New 'adviser' to Ayatollah Ali Khameini threatens Israel

On Sunday night, DEBKA broke a story that claimed that the head of the Iranian Revolutionary Guards, General Rahim Safavi, had been relieved of his duties and 'kicked upstairs' to become 'special security adviser' to Khameini, the 'Supreme Ruler.' The report has since been confirmed by other sources.

Tonight, Arash Kamangir, an Iranian blogger in Canada, reports that Safavi has taken upon himself to lead the front row of threatening rhetoric in the Islamic Republic.
A few days ago he said, “There are 200,000 vulnerable American forces in the region and we have information about all their bases” [Persian]. Today, the Islamic Republic official newspaper quoted him saying “Washington can never predict Iran’s retaliation”. He stated, “In event of an American attack on Iran, they will have three problems. One, they have no idea how sever the retaliation will be. They can not predict how much vulnerable their 200,000 soldiers in the region are. Two, they have no idea what will happen to Israel. Three, they have no idea what will have happen to the flow of oil.” [Persian]

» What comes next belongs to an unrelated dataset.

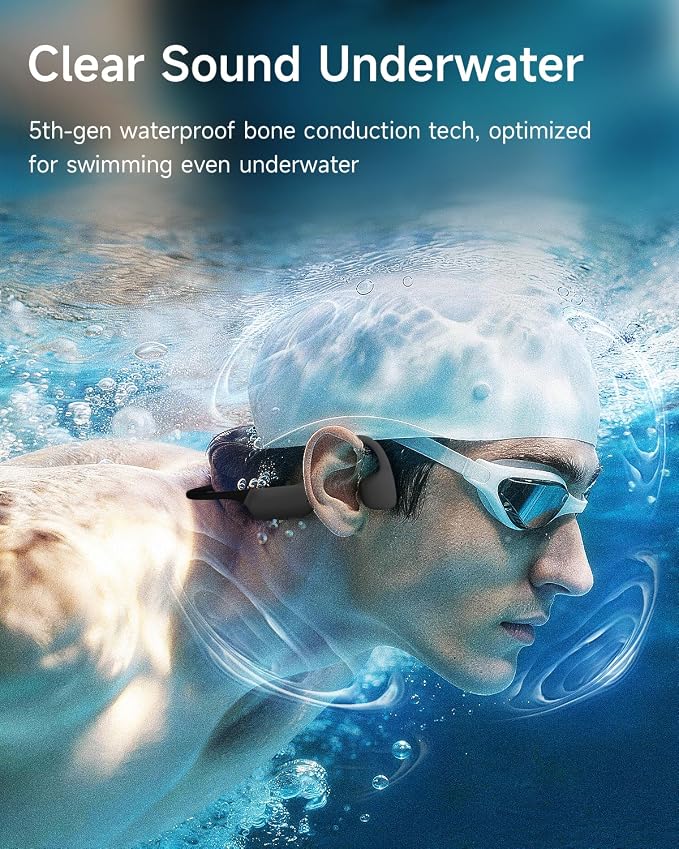 Swimming Headphones, Bone Conduction Headphones, Built-in MP3 Player with 32GB Memory, 10H Playtime, Bluetooth 6.0, IP68 Waterproof Open Ear Headphones for Swimming Underwater, Running, Surfing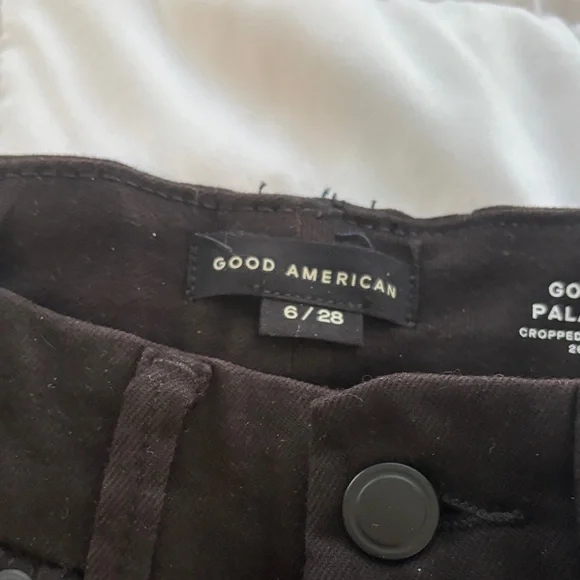 Good American Black Good Waist Palazzo Crop Jeans - Picture 3 of 6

I don't see these as real threats. First, I don't see Iran being able to hit American troops in Iraq. Those troops will be too well prepared for it. Second, the US may have 'no idea what will happen to Israel,' but I don't believe that the US is considering going after Iran's nuclear capability to save Israel, but rather because the US cannot tolerate a nuclear Iran. Thus US actions will not be dictated by what Iran's response against Israel might be. In that respect, we are certainly very much on our own. As to his third point, I don't think the US is concerned about the flow of oil either. Comparatively little Iranian oil is reaching the market, and the Saudis can sell oil through their Red Sea ports without passing through the Straits of Hormuz. While there may be a spike in the price of oil if the US cannot keep the Persian Gulf shipping lanes open (it may be able to), I don't see it as a fatal blow to the US economy.